Preliminary scientific findings announced by the European Union may lead to restrictions on the consumption of certain parts of sheep, goats and venison because of the discovery that mad cow disease, which has ravaged Britain's beef industry, may be transmissible to those animals.

Britain appears to be taking the first steps to dispose of the infected organs of the animals that theoretically could carry the disease, formally known as bovine spongiform encephalopathy.

Agriculture Minister Douglas Hogg is to announce in Parliament today new measures to keep parts of those animals out of the human and animal food chain, a spokesman for his office said Tuesday.

The restriction will include a ban on brains, spinal columns and spleens of sheep, goats and deer, according to reports in British newspapers Tuesday.

The European Union is expected to take up the topic after its veterinary experts discuss the issue.

It was the European Union that inspired the British action, however. Franz Fischler, the European Union agriculture commissioner, said Monday that researchers are finding that the disease can be induced in sheep and other animals in a laboratory by giving them feed that includes ground parts of infected cows.

There are no known cases of humans being affected by eating lamb infected with a form of bovine spongiform encephalopathy, nor are there any known cases of infection outside experimental settings.

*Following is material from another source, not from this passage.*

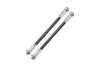 Traxxas X-Maxx 4X4 Spring Steel Front Steering Rod With Aluminum Ends - 1Pr Silver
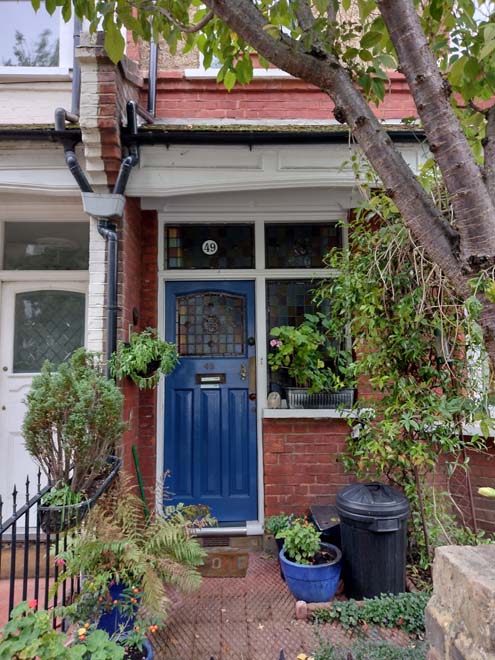 Fig. 56: The Edwardian group have simple porches and a good amount of historic doors survive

In March, when Britain linked the consumption of beef infected with bovine spongiform encephalopathy to the deaths of humans who contracted a similar degenerative brain disease, Creutzfeldt-Jakob syndrome, a panic was ignited that led in March to a ban on the exports of British beef.

It is believed that one cause of mad cow disease was animal feed that incorporated ground parts of lambs that were infected with scrapie, a long-familiar fatal disease affecting the nervous systems of sheep. It does not affect humans.

The latest indication, however, is that there may be further connections and that those are associated with certain organs that harbor the infection.

Hogg issued a statement this morning asserting: "What we are dealing with is a theoretical risk. It has been found that it is possible to transmit BSE to sheep, and therefore, out of an abundance of caution, the various advisers have recommended that we exclude various parts of the carcass, which are not actually eaten anyway."